Wiadomości

POLICJANCI ODZYSKALI SKRADZIONY SAMOCHÓD

Data publikacji 06.05.2014

Policjanci z Chojnic przedstawili zarzuty popełnienia przestępstwa w sprawie kradzieży samochodu osobowego, do której doszło na Śląsku. 26-latek, który podróżował skradzionym autem, został zatrzymany do kontroli drogowej na obwodnicy Chojnic. Śledczy zabezpieczyli skradziony samochód i telefon komórkowy. Odzyskane sprzęty zwrócą właścicielom. Kradzież zagrożona jest karą od trzech miesięcy do pięciu lat pozbawienia wolności.

Policjanci z Chojnic przedstawili zarzuty popełnienia przestępstwa w sprawie kradzieży samochodu osobowego, do której doszło na Śląsku. 26-latek, który podróżował skradzionym autem, został zatrzymany do kontroli drogowej na obwodnicy Chojnic. Śledczy zabezpieczyli skradziony samochód i telefon komórkowy. Odzyskane sprzęty zwrócą właścicielom. Kradzież zagrożona jest karą od trzech miesięcy do pięciu lat pozbawienia wolności.
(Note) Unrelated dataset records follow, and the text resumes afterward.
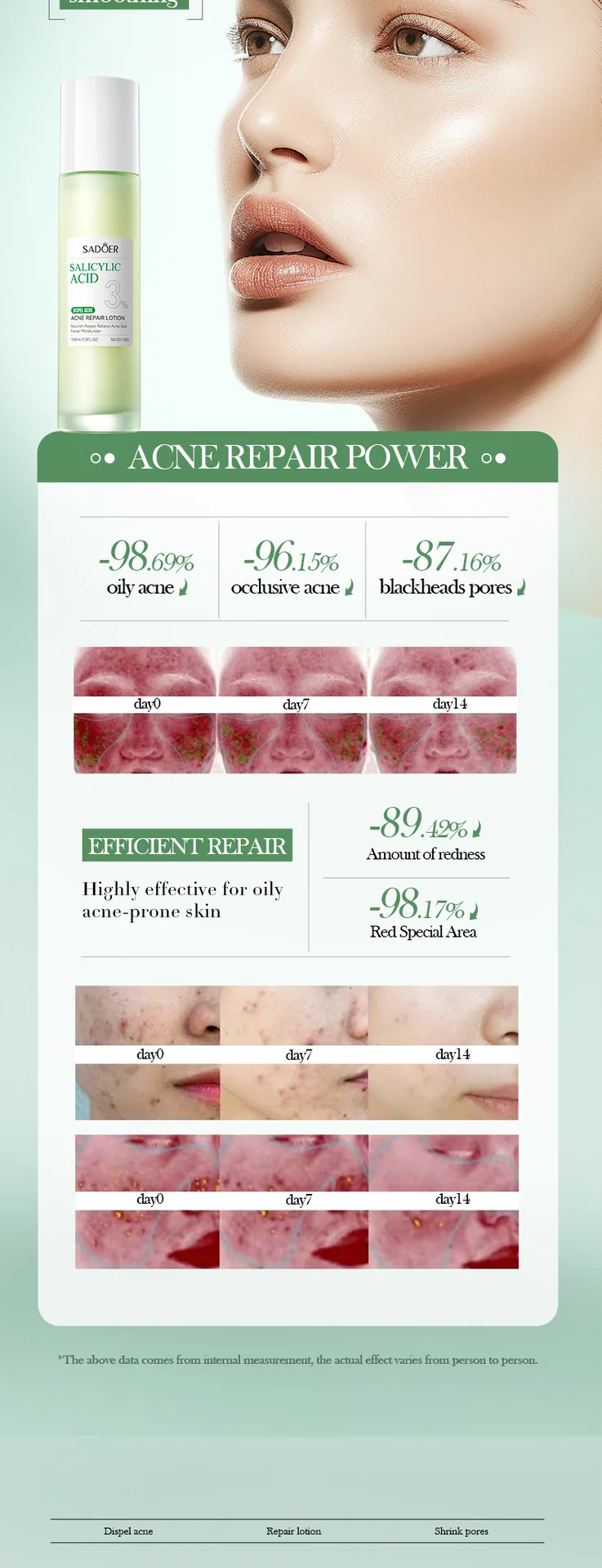 Close up of SADOER Salicylic Acid essence with refreshing texture, moisturizing and repairing acne skin care scene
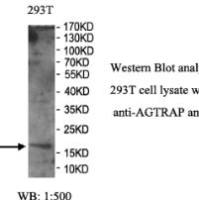 AGTRAP Antibody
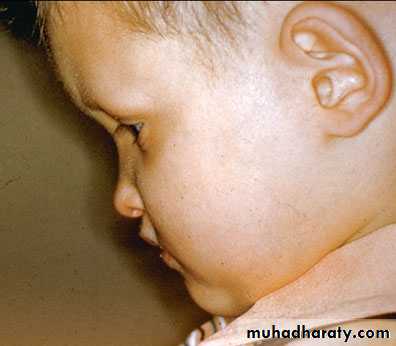 children with special needs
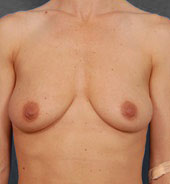 Woman's breasts, before Breast Lift treatment, front view, patient 2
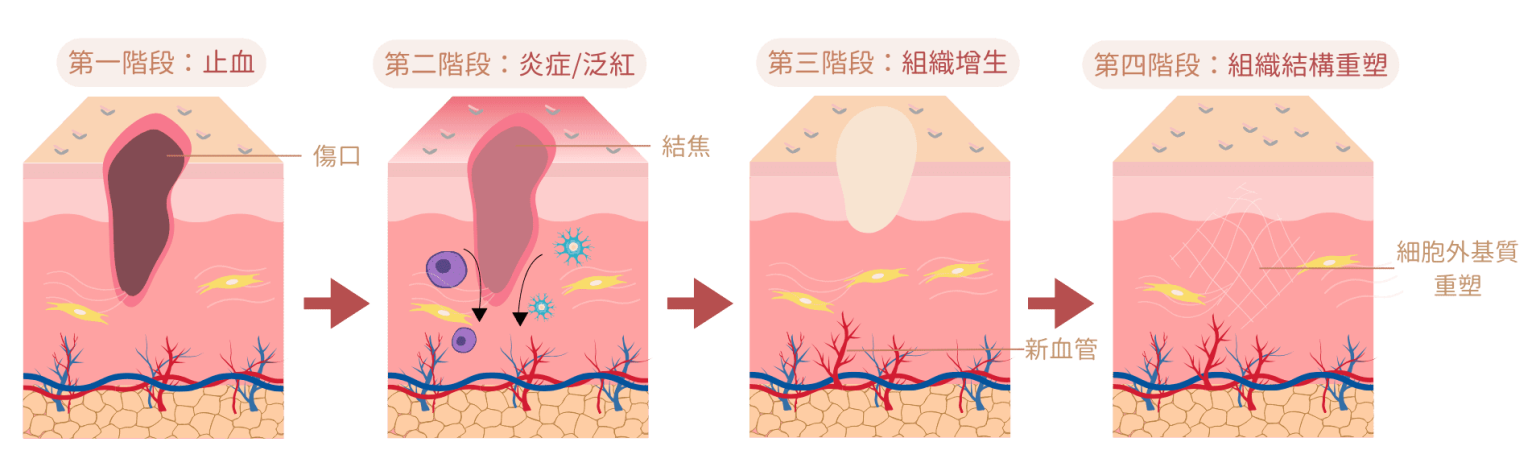 外泌體有助傷口癒合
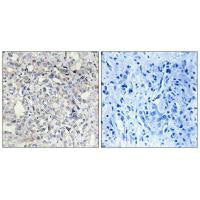 SERPIND1 Antibody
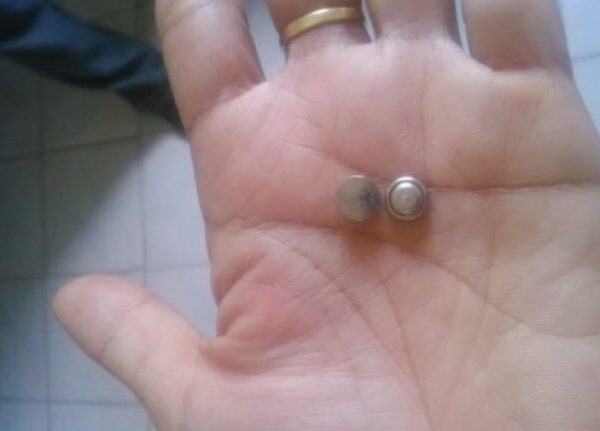 Menina morre após engolir baterias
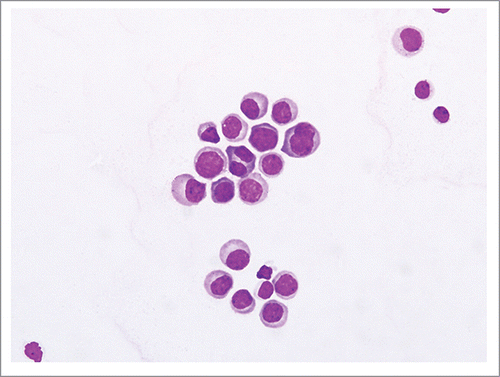 Figure 1. Cerebrospinal fluid (CSF) cytological examination showed presence of abnormal plasma cells featuring enlarged and hyperchromatic nuclei, nuclear contour irregularity and occasional cells with binucleation. (Giemsa stain, original magnification, x 400).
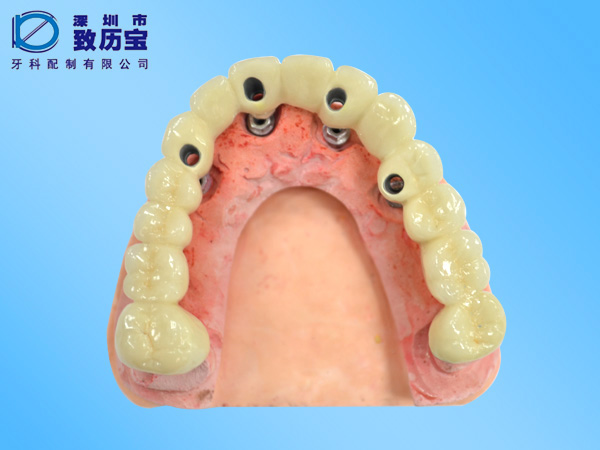 Dental implant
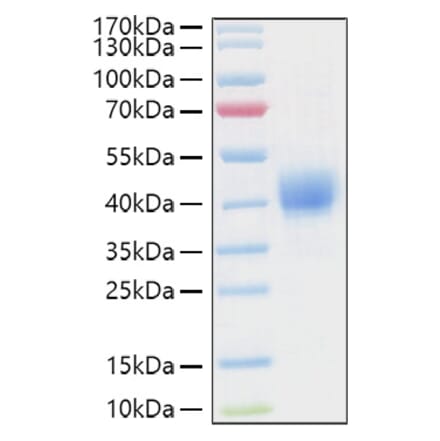 SDS-PAGE - Recombinant Human CD52 Protein (C-terminal Human Fc and Avi Tag) (A330366) - Antibodies.com
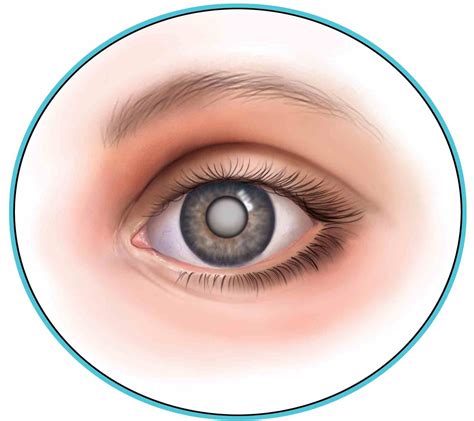 Cataract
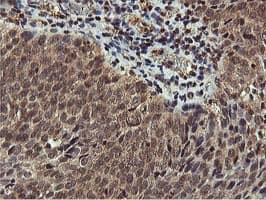 AKT1 Antibody (clone OTI3E3)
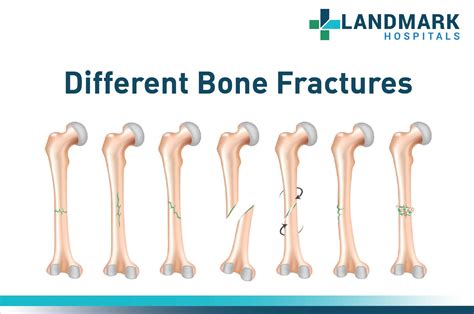 Broken Bone Versus Fracture: What Is The Difference? – IEYHQ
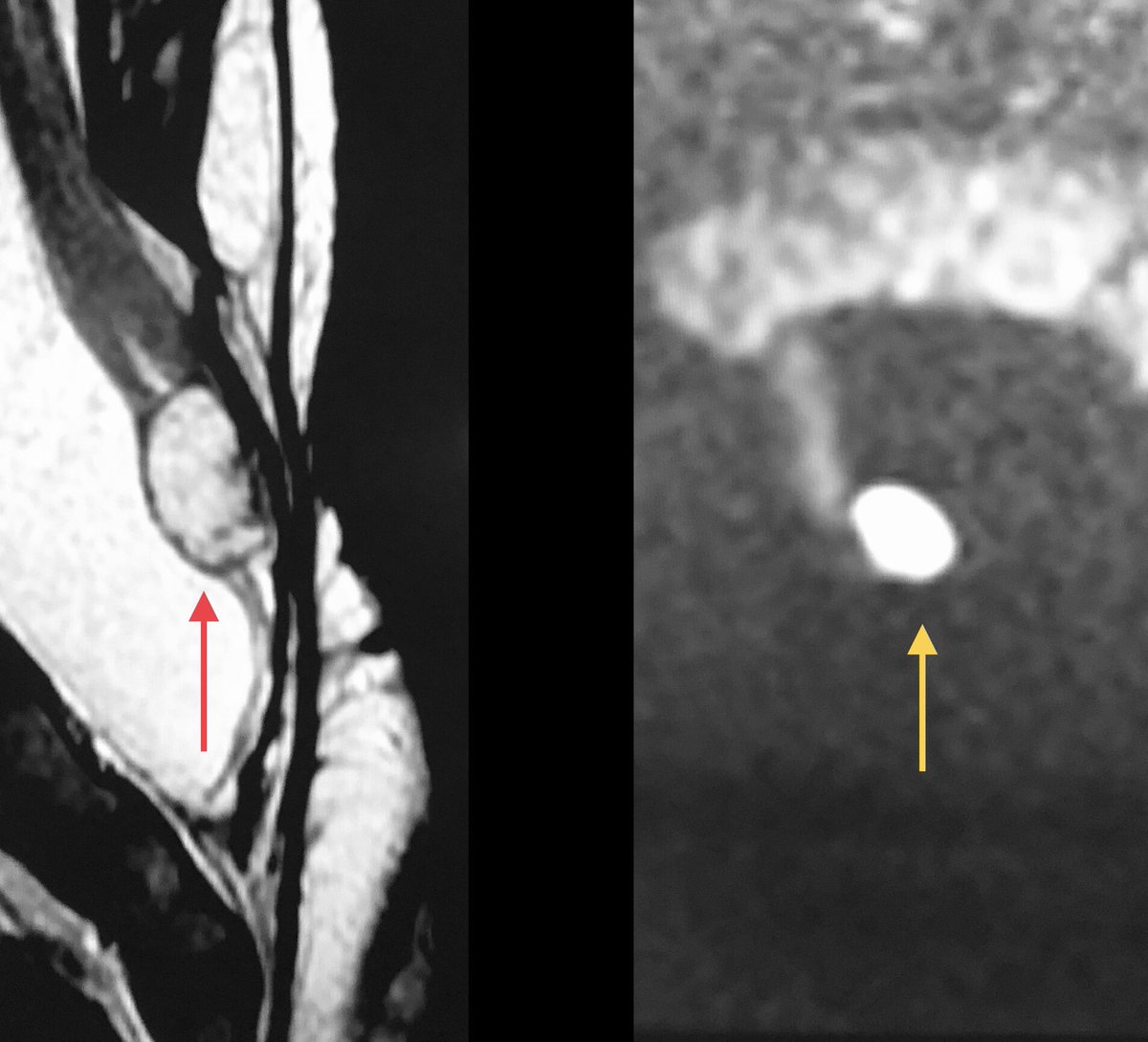 Epidermoid cyst may be found after myelomeningocele repair, showing the typical restricted diffusion nodule 🟡. 
👇
✅It’ s very useful to include DWI in the spinal dysraphism follow-up protocol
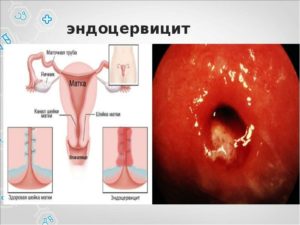 Симптомы воспаления цервикального канала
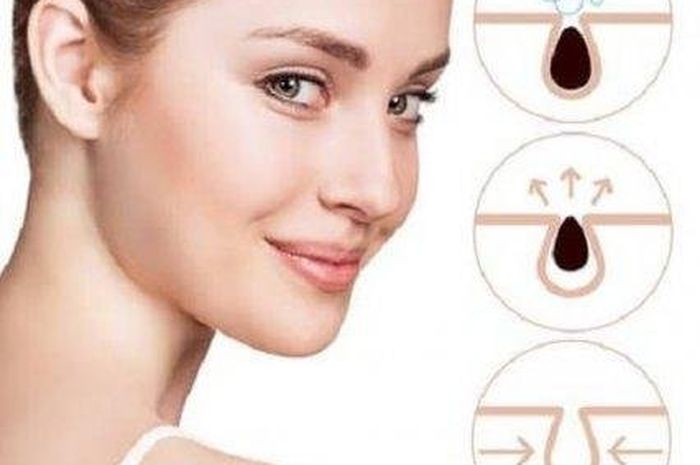3 Cara Mengatasi Pori Pori Yang Tersumbat Yuk Ikuti Tips Berikut Semua Halaman Intisari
3 maja br. policjanci ruchu drogowego prowadzili kontrole na drodze krajowej 22. Na obwodnicy Chojnic, na węźle Chojnaty, zatrzymali kierującego samochodem osobowym volkswagen golf, który poruszał się lewym pasem. W czasie rozmowy z kierującym policjanci ustalili, że nie posiada on przy sobie prawa jazdy. Za to wykroczenie oraz niedostosowanie się do ruchu prawostronnego policjanci nałożyli na mężczyznę mandat karny.

Podczas sprawdzenia numerów samochodu funkcjonariusze stwierdzili, że auto zostało skradzione poprzedniego dnia na Śląsku. Kierujący nim 26-latek oraz dwaj pasażerowie trafili do policyjnej izby zatrzymań. Samochód zabezpieczono procesowo.

Policjanci ruchu drogowego, którzy interweniowali wobec kierującego skradzionym autem ustalili, że mężczyzna podał się za inną osobę i sfałszował jej podpis na mandacie karnym. Okazało się, że 26-latek w ogóle nie ma prawa jazdy. Za brak uprawnień do kierowania pojazdami został ukarany mandatem w wysokości 500 złotych. W tej samej wysokości mandat karny nałożono na niego, za umyślne wprowadzenie w błąd funkcjonariusza policji co do swojej tożsamości.

Tego samego dnia mieszkaniec Rudy Śląskiej usłyszał też zarzuty popełnienia przestępstwa. Odpowie za kradzież samochodu, której dokonał 2 maja 2014 roku w Świętochłowicach oraz sfałszowanie podpisu na blankiecie mandatu.

Policjanci wyjaśniają też okoliczności, w jakich mężczyzna wszedł w posiadanie telefonu komórkowego, który przy sobie posiadał. Po sprawdzeniu w systemach policyjnych okazało się, że również telefon pochodzi z kradzieży.

Pasażerowie, którzy podróżowali skradzionym autem, po przesłuchaniu, zostali zwolnieni.

Za kradzież grozi do pięciu lat pozbawienia wolności.